In addition to state “three-strikes” laws, there is a federal counterpart called the Armed Career Criminal Act of 1984. It is meant to provide sentence enhancements for those with prior convictions involving firearms. If you get three such convictions, the ACCA kicks in. The ACCA provides for a 15-year minimum sentence on top of the sentence for the crime itself if you have three prior convictions for a “violent felony” or “serious drug offense,” each of which carries a 10-year maximum sentence.
Recently, in McNeill v. United States, the Supreme Court examined the question of whether the ACCA applied even to crimes where the state legislatures later reduced the sentence. McNeill had been convicted of drug trafficking in North Carolina six different times between 1991 and 1994. At the time of conviction, each crime had a maximum sentence of 10 years. In 1994, North Carolina reduced the sentence for selling cocaine to 38 months and the sentence for possessing cocaine with the intent to sell to 30 months. McNeill argued that since the state reduced the maximum amount of time from 10 years, the ACCA no longer applied. In a unanimous decision, the Supreme Court disagreed, holding that the ACCA did apply.
The Court looked at the plain language of the Act and determined that what mattered was the offense at the time of conviction, not at the time of federal sentencing. If when McNeill was convicted, the penalty was 10 years, then he could not avoid the ACCA just because the state legislature later reduced the penalty.
It is hard to disagree with the Court’s logic, which is that if they adopted McNeill’s argument, some with prior convictions could watch them disappear entirely if the state legislature chose to reduce penalties for the crime. There needs to be some consistency in sentencing, or else law enforcement and the convicted alike will never feel sure of where they stand. Even so, this situation reminds me a little too much of the Federal Sentencing Guidelines. You have a crime (usually involving drug possession) that may not be terribly harmful in the grand scheme of things. Yet the penalty is harsh and unyielding. You may ask whether possessing cocaine (even with the intent to sell) is really on the same level as a violent felony. No matter; for the purpose of sentencing, they are one and the same. At least the North Carolina legislature realized that cocaine possession did not merit such a harsh punishment and reduced it accordingly. Unfortunately, it did so too late for McNeill.

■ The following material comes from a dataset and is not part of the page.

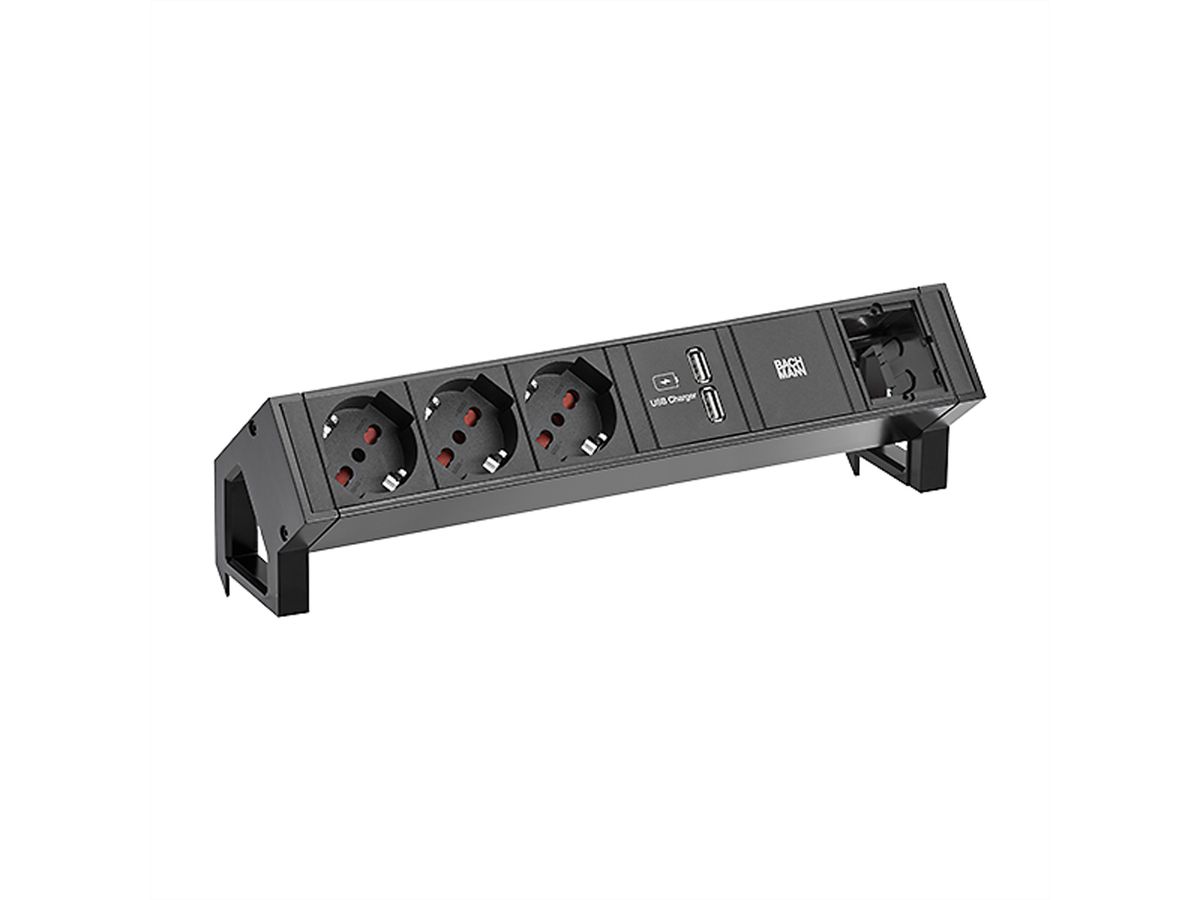 BACHMANN DESK2 3xP40 USB Charger 1xCM, Current 0.2m black Italia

Sentencing needs to be consistent, and to carry weight. However, it is unfortunate that in the case of drug possession especially, there is so little room for sensible reconsideration of the penalties. Many have begun to rethink the war on drugs and the laws that have resulted from them. It could be decades, though, before we start to see widespread changes in, or even revocation of, drug laws across the country. Until then, those facing a drug conviction can only hope that a strong federal criminal defense attorney can reduce their charges before they face a sentence subject to the ACCA.